那一刻李氏恍惚觉得,女儿的眼神有些陌生,那双总是亮晶晶充满好奇和倔强的眼睛里,多了些她看不懂的东西。
但只是一瞬。
毛悦悦已经迅速调整好表情,露出一个属于十二岁少女的、带着点撒娇意味的笑:
“娘,鸡汤好香啊。”
她走回床边坐下,动作还有些缓慢,却已经比刚才稳多了。
李氏压下心里那点异样,笑着将托盘放在床头小几上:“当然香,娘炖了一下午呢。”
“来,趁热喝。”
她舀起一勺汤,仔细吹凉了,才递到岳银瓶嘴边。
岳银瓶看着李氏专注的神情,心里某处柔软的地方被轻轻触动。她张嘴喝下,温热的汤汁顺着喉咙滑下,暖意一直蔓延到胃里。
“好喝吗?”李氏期待地问。
“嗯。”岳银瓶点点头,接过碗:“我自己来吧。”
她捧着粗陶碗,小口小口喝着鸡汤。李氏坐在床边看着她,眼神温柔得能滴出水来。
“你爹要是知道你受伤了,定要心疼。”
李氏轻声说:“前线战事吃紧,他已月余未归。昨日托人捎信回来,说再过半月就能回京一趟。”
“到时你可别再让他担心了。”
岳飞……岳银瓶在记忆里搜寻关于这位父亲的信息。印象中是个严肃的人,军纪严明,对子女管教也甚严。
但他看向孩子们时,眼底深处藏着不易察觉的温柔。
“我知道了,娘。”岳银瓶应道,将空碗递回去。
李氏接过碗,犹豫了一下,还是开口:“安娘,娘知道你喜欢习武,想像你爹和兄长那样上阵杀敌。”
“可这世道……女儿家舞刀弄枪,终究不是正道。”
“你爹不许,也是为你好。”
岳银瓶没说话。她想起毛悦悦小时候,求叔教她道术时也曾说过类似的话…
“悦悦,这行当太苦,你本不必学的。”
可她偏要学,不仅学了,还成了除了姐姐,毛家最厉害的那个。
有些东西,大概是刻在骨子里的,安分守己?都不是她的性子
“箭头大哥…什么时候来?”她忽然问。
李氏一愣:“你问这个做什么?”
“他不是枪法很好吗?”
岳银瓶眨眨眼,努力让自己的表情看起来像个单纯崇拜英雄的小姑娘:“我想等他来了,让他教我几招防身的,总可以吧?”
“爹要是问起,就说学来强身健体。”
李氏看着她亮晶晶的眼睛,心软了。这孩子从小就倔,认定的事九头牛都拉不回来。与其让她再偷偷摸摸把自己弄伤,不如找个可靠的人正经教几招。

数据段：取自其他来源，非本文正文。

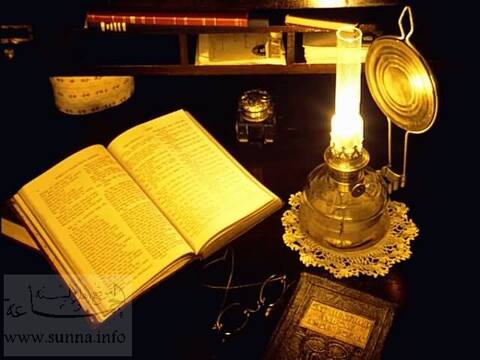 كتاب و فانوس و نظارات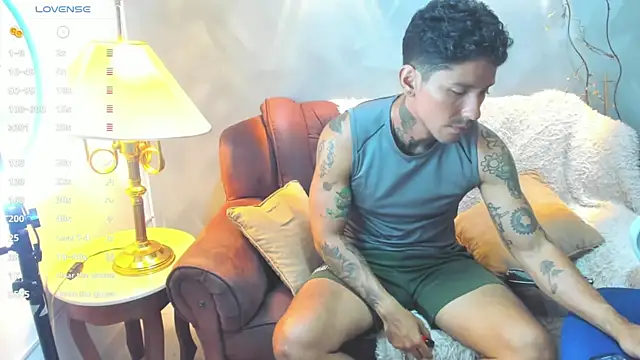 Dylanstonne online show from 01.10.25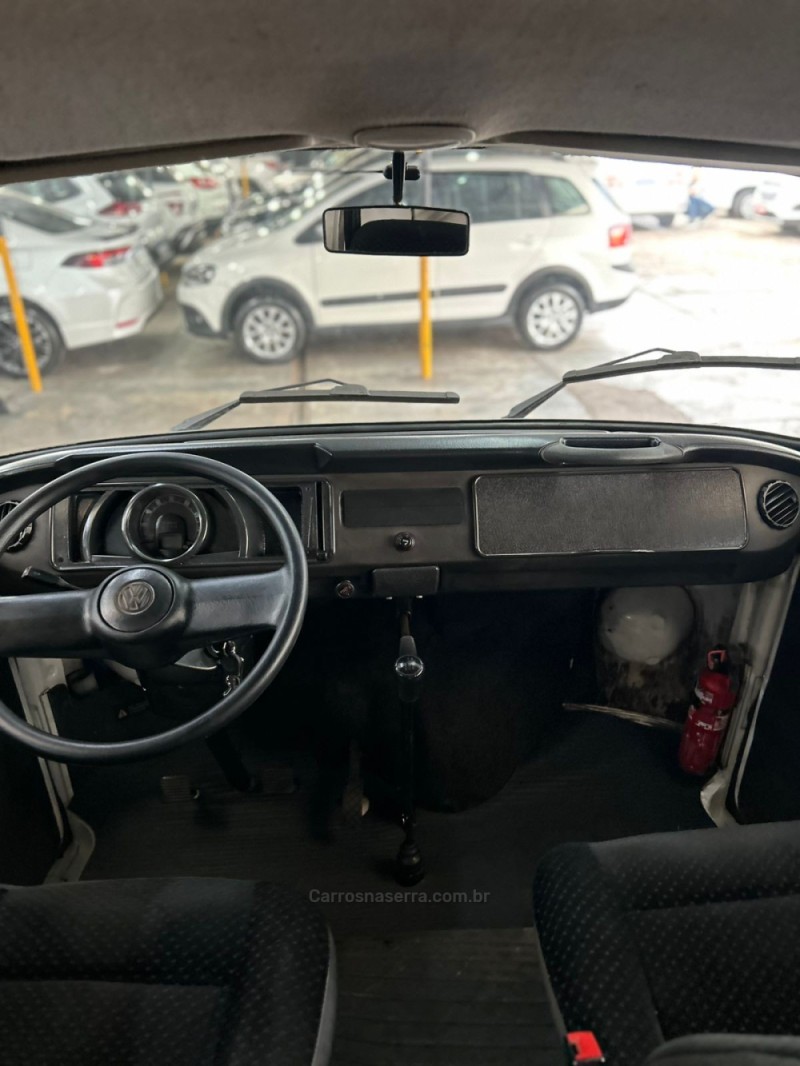 KOMBI 1.4 MI FURGÃO 8V FLEX 3P MANUAL - 2014 - PASSO FUNDO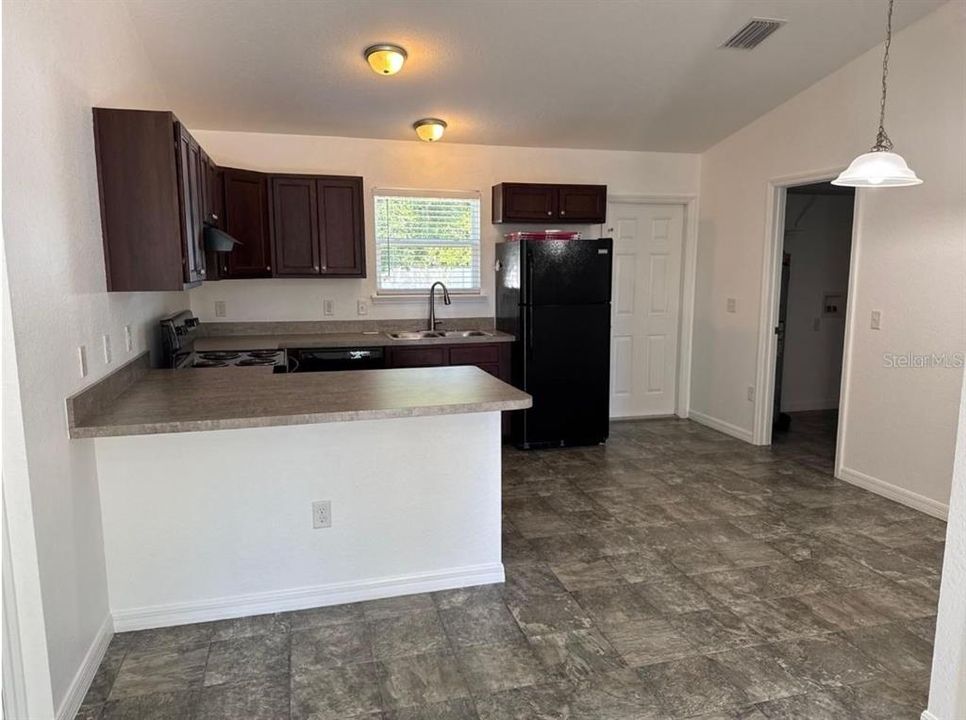 For Rent: $1,350 (3 beds, 2 baths, 1014 Square Feet)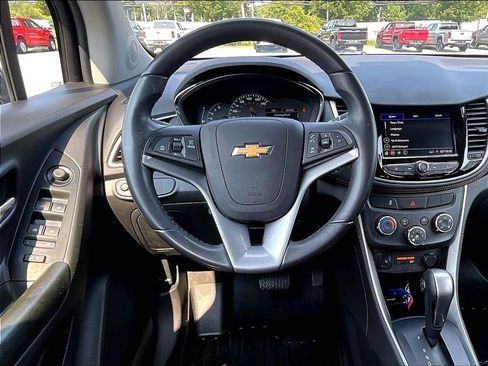 Used 2021 Chevrolet Trax LT w/ Driver Confidence Package AWD/4WD image 17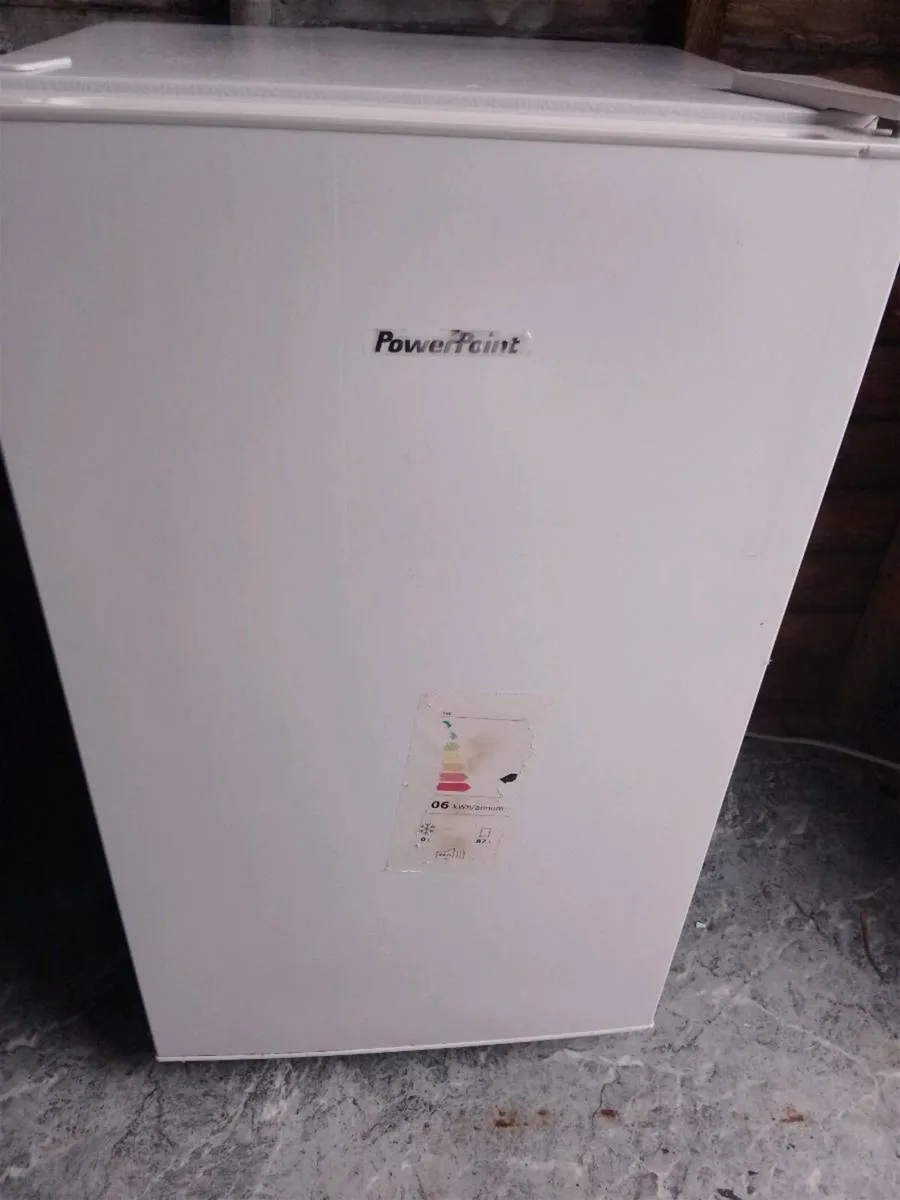 Small power point fridge - Image 1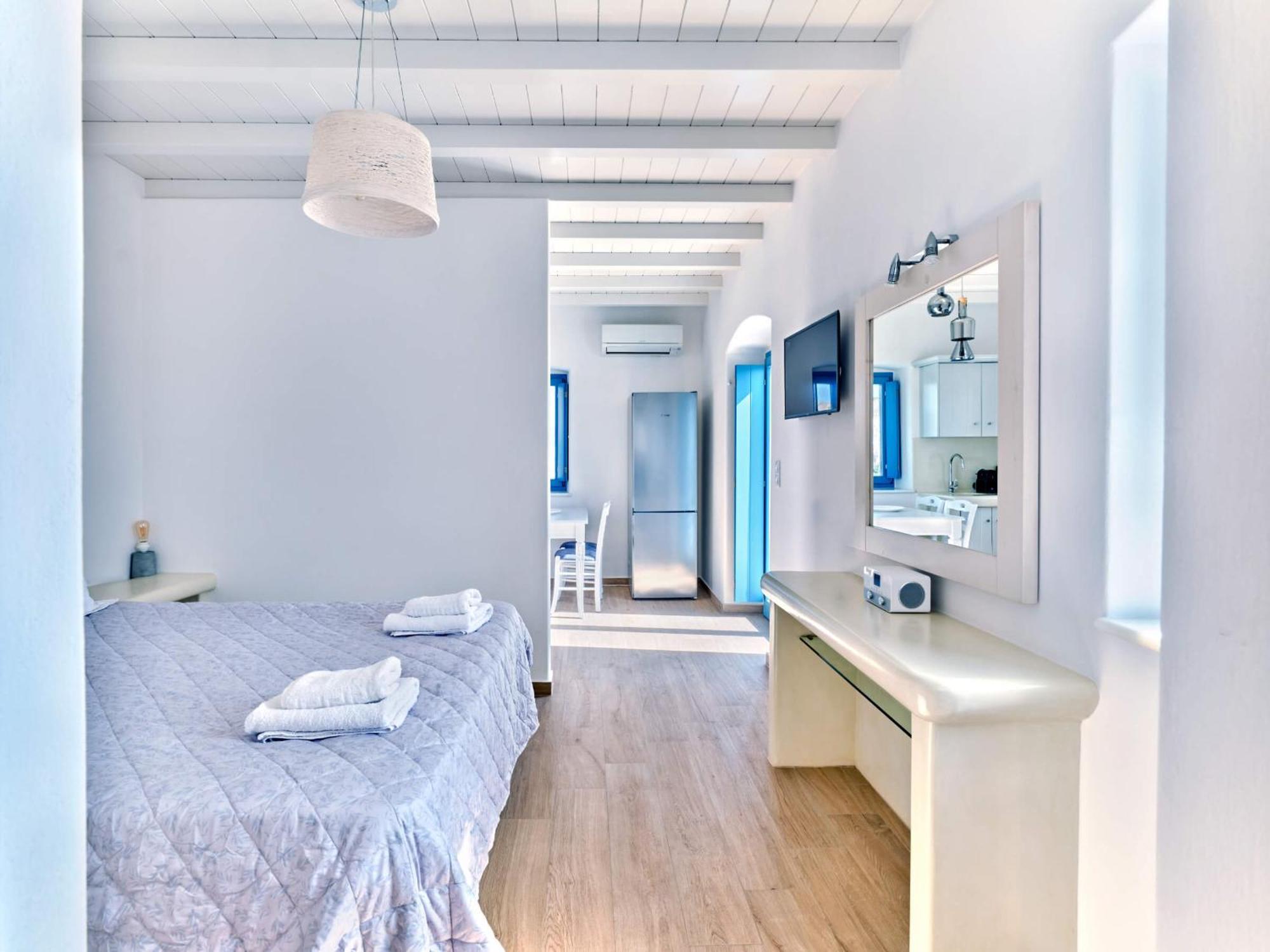 Luxurious Villa Pactia Amazing Pool Isterni (Paros) Exterior foto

“箭头副将前日捎信来,说军中事务处理完毕就来探望。”李氏叹了口气:““大约就这三五日吧。到时娘与他说说,但你得答应娘,不可逞强,要循序渐进。”
“我答应!”岳银瓶立刻点头,脸上绽开笑容。
那笑容明媚灿烂,李氏看着,心里那点疑虑也消散了。
终究还是个孩子呢,只是比别家姑娘多了几分英气和执拗罢了。
“好了,你再躺会儿。晚膳时娘叫你。”李氏收拾了碗勺,端着托盘起身。
走到门口时,她回头看了眼。岳银瓶已经乖乖躺下,闭着眼,呼吸均匀。
李氏轻轻带上门。
门阖上的瞬间,岳银瓶睁开了眼睛。她盯着帐顶的素色花纹,手指无意识地在被面上划动。
箭头……三五日……
也好。趁这段时间养好伤,也好好想想接下来该怎么办。
系统消失,记忆模糊,身陷宋朝……这局面比当年变成山本雪子时还要麻烦。
但至少,她还活着。
岳银瓶侧过身,蜷缩起来。胸口伤口隐隐作痛,她却感到一种奇异的安心。
就像很多年前,她刚被求叔捡回去时那样。一无所有,前路未卜,却也因此无所畏惧。
窗外夕阳西斜,将屋子染成温暖的橘色。远处传来更夫打更的声音,悠长绵远。
岳银瓶闭上眼,这一次,真的睡着了。